HYANNIS – Three days before Paul Houle Jr. went back to Tabor Academy to start his pre-season training for football his senior year, he bought an Apple Watch. It might be the best money he ever spent.
Luckily, the 17-year-old Houle had already tested the heart rate monitor at home and knew his normal heart rate was between 60 and 70 beats per minute. During two football practices in one day on Tuesday, Sept. 8, his heart rate climbed to 145.
That would be expected after such rigorous exercise. According to the American Heart Association your maximum heart rate during strenuous exercise is about 220 minus your age. But three hours later, Houle’s resting heart rate was still at 145.
“It was the first day of pre-season,” he says. “The first practice was from 10 until 12 and the second practice was from 3 to 5. During my second practice, I started to have problems breathing and I had pain in my back, which turned out later to be my kidneys failing.”
Houle finished practice and went back to his dorm to take a nap. At 7:30 that evening, he went to a meeting for all the pre-season athletes, where he mentioned his elevated heart rate to Tabor head trainer Brian Torres.
“I didn’t think it was anything serious,” Houle says. “When I saw the trainer I just mentioned it to him, not expecting him to do much about it.”
Torres thought Houle’s Apple Watch must be wrong, so he took the teen’s heart rate manually. It was still 145 beats per minute.

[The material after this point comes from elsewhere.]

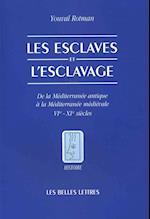 Les Esclaves Et L'Esclavage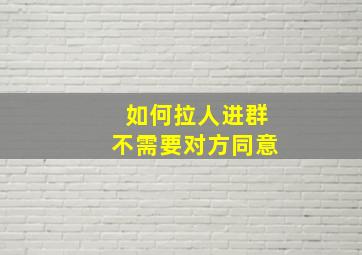 如何拉人进群不需要对方同意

Torres rushed Houle to the school’s health center, where nurse Elizabeth West confirmed that both his blood pressure and heart rate were too high. She called Houle’s father, Paul Houle, MD, a neurosurgeon at Cape Cod Healthcare.
They decided Houle needed to go to the emergency room. West drove him to Cape Cod Hospital herself, keeping a heart monitor on him to make sure he was OK.

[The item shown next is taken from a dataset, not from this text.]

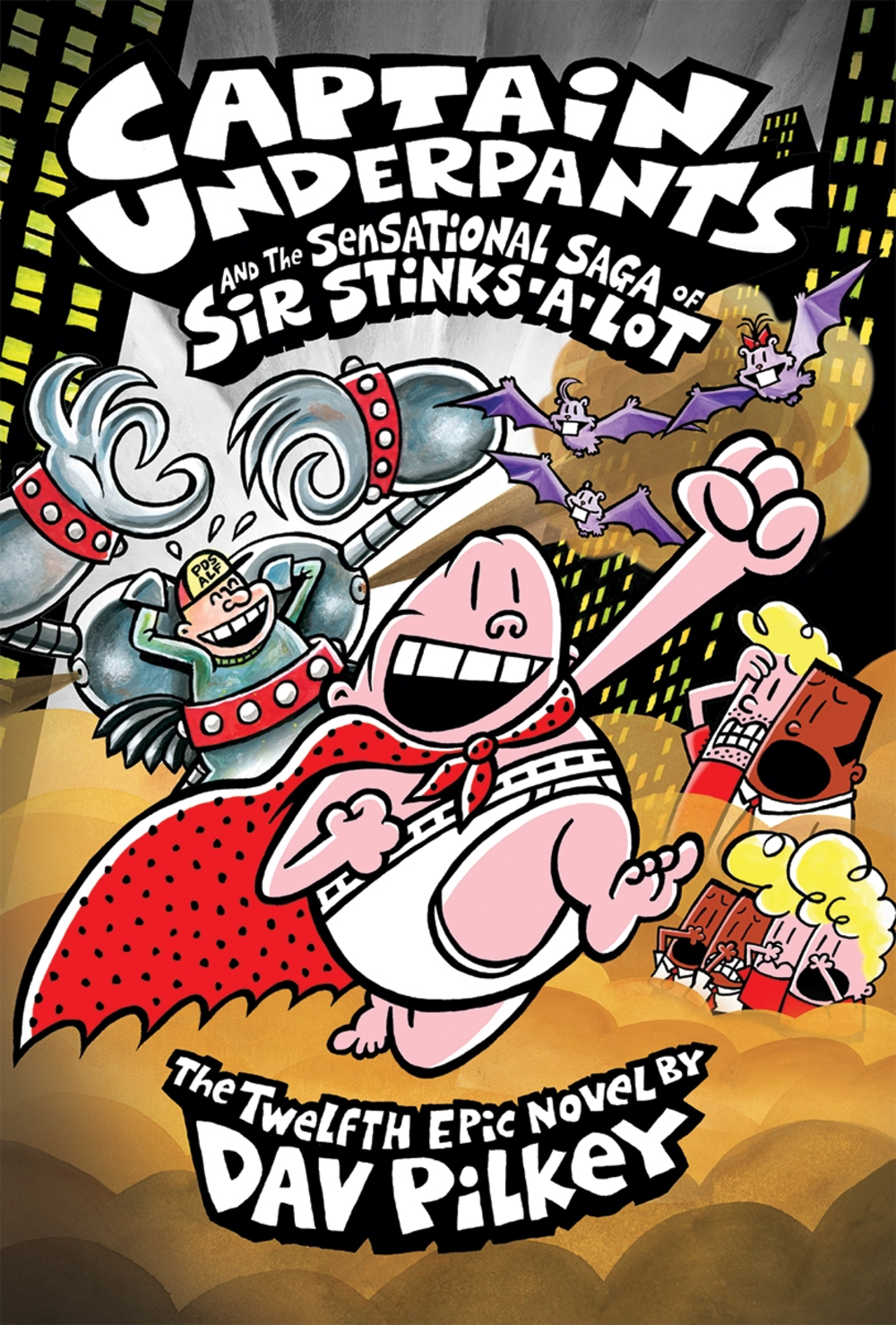 Captain Underpants #12: Captain Underpants And The Sensation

“When I got there, they first tested me for a blood clot which they thought was in my leg and had traveled to my lung, but then they diagnosed me with rhabdomyolysis,” he says.
“The combination of how hot it was last week, the two football practices in one day and dehydration caused my muscles to start to break down and release a protein into my blood stream which shut down my heart, my liver and my kidneys.”
Rhabdomyolysis is a syndrome caused by muscle injury, says Craig Cornwall MD, the Cape Cod Hospital emergency room physician who treated Houle. “It happens for different reasons. It’s relatively frequent but for most of us it’s relatively mild.
“Paul’s case was a little unusual, but you do see it in athletes like the weekend warriors who do something extremely strenuous and their muscles aren’t used to it.”
In Houle’s case, the hot weather, the two football practices in one day and dehydration had started to break down his muscle tissue. That leads to the release of a muscle protein called myoglobin into the blood stream.
Rhabdomyolysis can lead to many complications, especially to the kidneys, which become overwhelmed and cannot remove the body waste and concentrated urine caused by myoglobin.
In extreme cases, a muscle will actually die, which can lead to amputation.
Houle stayed in the hospital for three days and could barely move. As of the writing of this story one week after the incident, he still had not been cleared to return to football practice. He still has trouble just walking across campus without getting winded and noticing a raised heart rate on his Apple Watch.
“At the hospital they told me that if I had gone to practice the next day that I would have lost all control of my muscles and there was a good chance I would have fallen down on the field and died right there,” he says. “I’m very grateful for that heart rate monitor.”